**RECORDED INFORMATION**
○ ○ ○
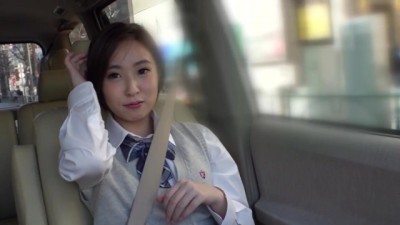 Japanese Cute School Girl. she is Super Honny. her Pussy was Super Wetting after Blowjob.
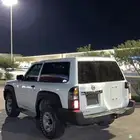 باترول 4500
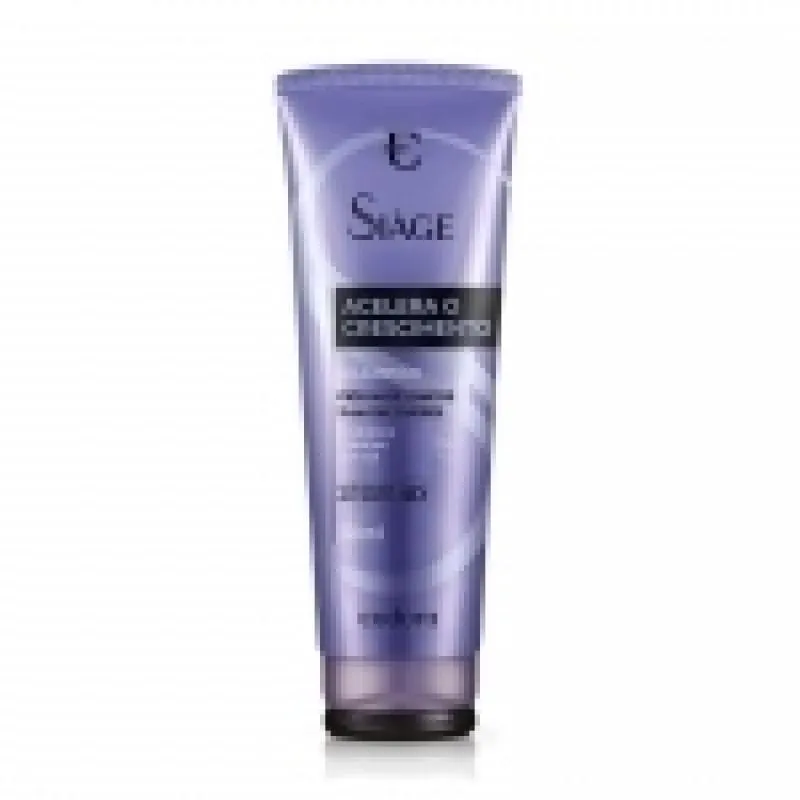 EUDORA SIàGE ACELERA CRESCIMENTO SHAMPOO 250ML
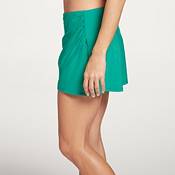 CALIA Women's Mid Rise Wrap Swim Skirt product image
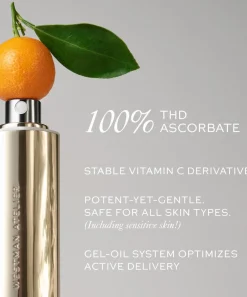 Westman Atelier Facial Serums & Oils^Suprême C Serum Refill 20ml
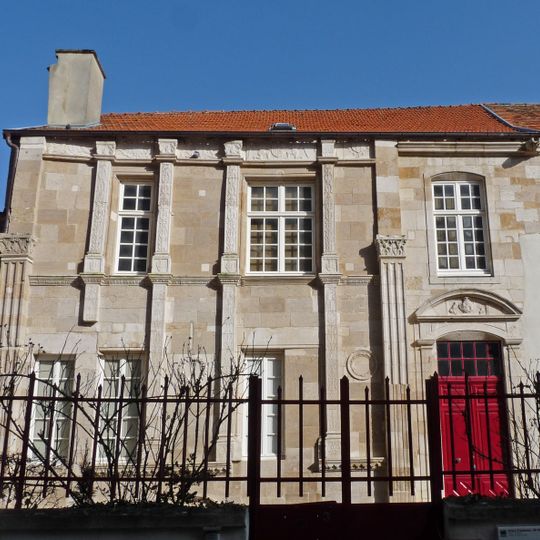 Hôtel de Roze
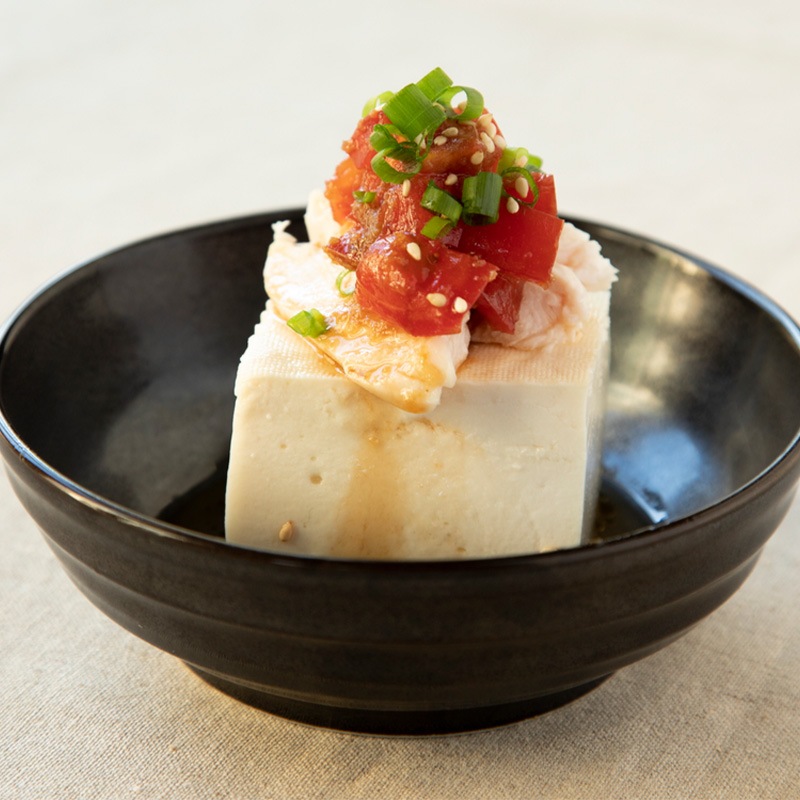 はらから 定番 とうふ油揚げ食べ比べセット【送料込み】※沖縄・離島を除く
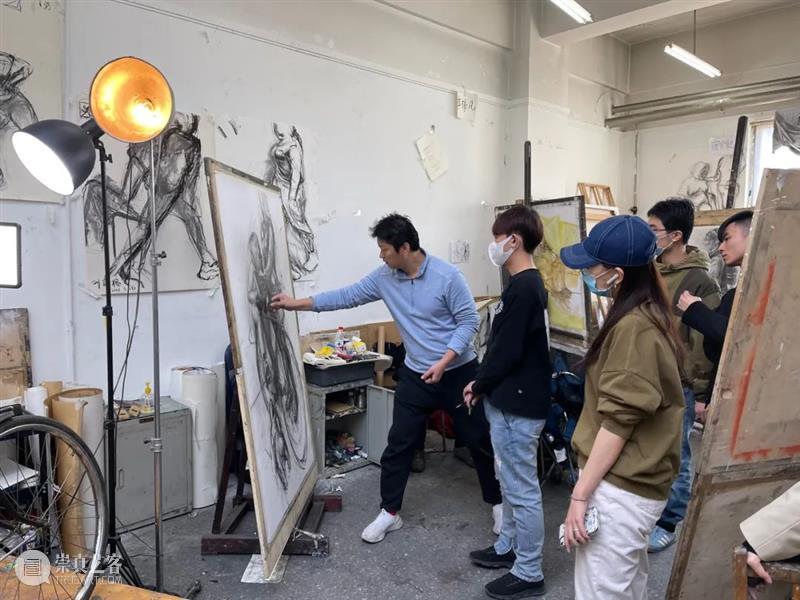 《一条》报道｜贾蔼力：从东北小城走出的天才 博文精选 高古轩画廊 贾蔼力 一条 报道 东北小城 天才 高古轩 艺术家 绘画 莽原 上海油罐艺术中心 崇真艺客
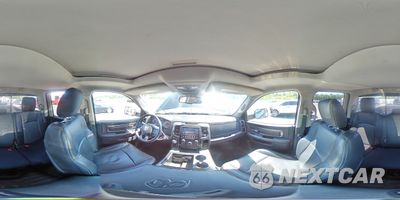 Zdjęcie 14 z 14 samochodu: 2015 RAM 1500 SPORT VIN:1C6RR7HT4FS681580 - miniatura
○ ○ ○
**WHAT YOU NEED TO DO**
A word-for-word copy of the records is required. Leave out every picture.

**REPLY**
 Japanese Cute School Girl. she is Super Honny. her Pussy was Super Wetting after Blowjob.
 باترول 4500
 EUDORA SIàGE ACELERA CRESCIMENTO SHAMPOO 250ML
 CALIA Women's Mid Rise Wrap Swim Skirt product image
 Westman Atelier Facial Serums & Oils^Suprême C Serum Refill 20ml
 Hôtel de Roze
 はらから 定番 とうふ油揚げ食べ比べセット【送料込み】※沖縄・離島を除く
 《一条》报道｜贾蔼力：从东北小城走出的天才 博文精选 高古轩画廊 贾蔼力 一条 报道 东北小城 天才 高古轩 艺术家 绘画 莽原 上海油罐艺术中心 崇真艺客
 Zdjęcie 14 z 14 samochodu: 2015 RAM 1500 SPORT VIN:1C6RR7HT4FS681580 - miniatura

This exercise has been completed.